◆ Dataset records:
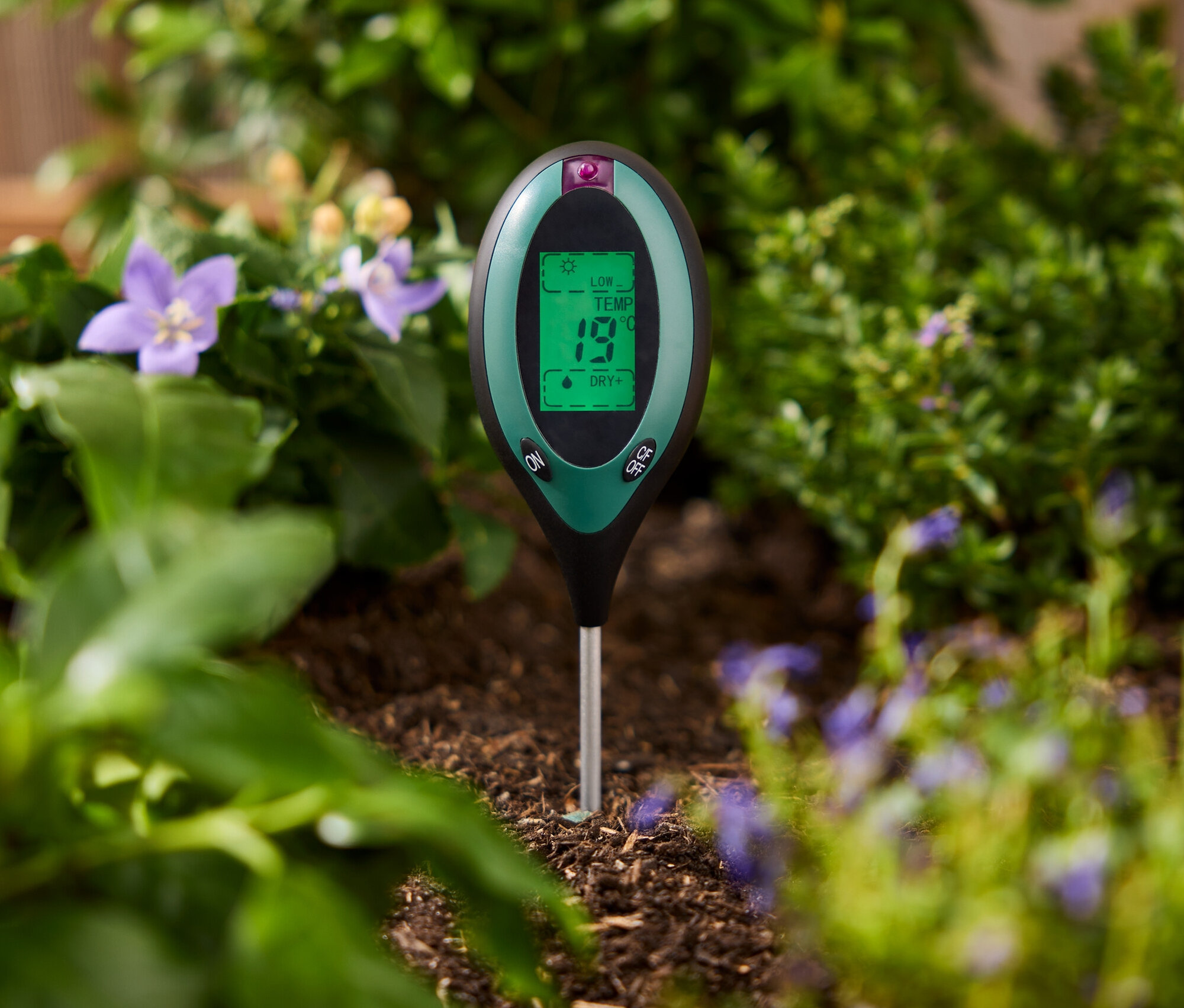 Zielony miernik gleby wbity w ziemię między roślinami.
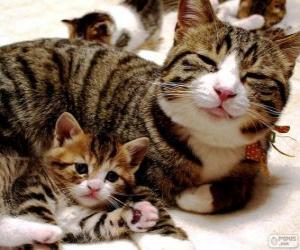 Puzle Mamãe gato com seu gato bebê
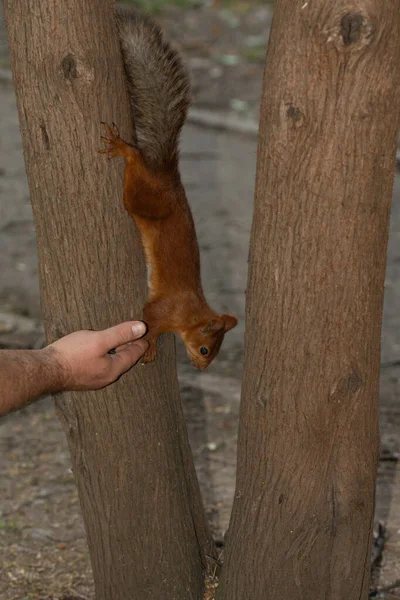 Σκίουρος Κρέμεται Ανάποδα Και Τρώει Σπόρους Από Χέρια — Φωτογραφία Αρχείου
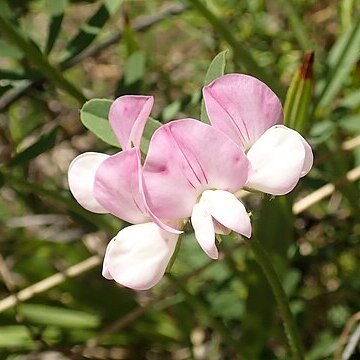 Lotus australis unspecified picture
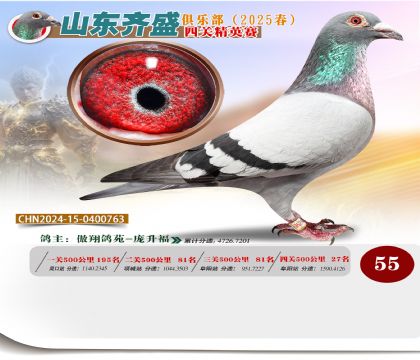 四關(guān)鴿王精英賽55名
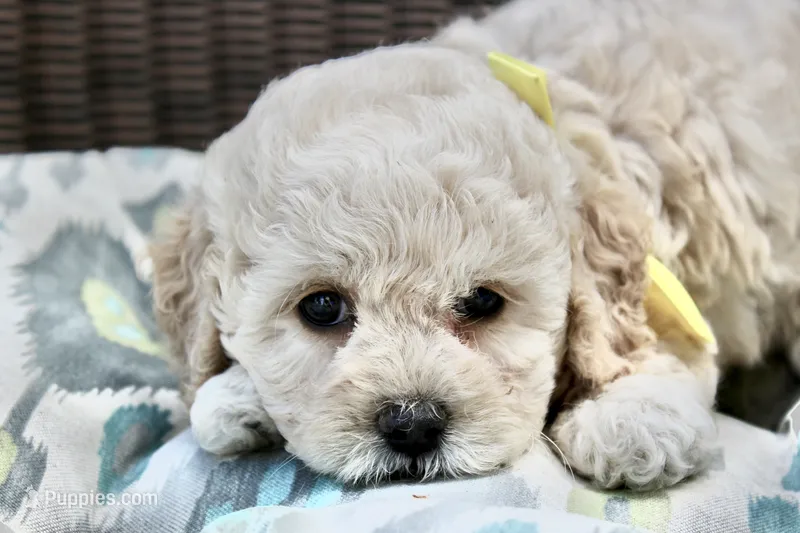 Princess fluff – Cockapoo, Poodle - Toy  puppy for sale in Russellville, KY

* * *

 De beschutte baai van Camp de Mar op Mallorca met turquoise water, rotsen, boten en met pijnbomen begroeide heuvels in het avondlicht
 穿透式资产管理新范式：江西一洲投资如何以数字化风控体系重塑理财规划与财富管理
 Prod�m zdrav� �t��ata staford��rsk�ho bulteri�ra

...

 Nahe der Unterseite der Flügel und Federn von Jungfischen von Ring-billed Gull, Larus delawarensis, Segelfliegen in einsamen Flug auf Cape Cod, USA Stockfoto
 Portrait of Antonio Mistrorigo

◆ Task requirements:
What you write out is the stretch of entries from the line containing "Σκίουρος Κρέμεται Ανάποδα" to the line containing "Princess fluff –", word for word, with both end lines and no pictures.

◆ Result below:
 Σκίουρος Κρέμεται Ανάποδα Και Τρώει Σπόρους Από Χέρια — Φωτογραφία Αρχείου
 Lotus australis unspecified picture
 四關(guān)鴿王精英賽55名
 Princess fluff – Cockapoo, Poodle - Toy  puppy for sale in Russellville, KY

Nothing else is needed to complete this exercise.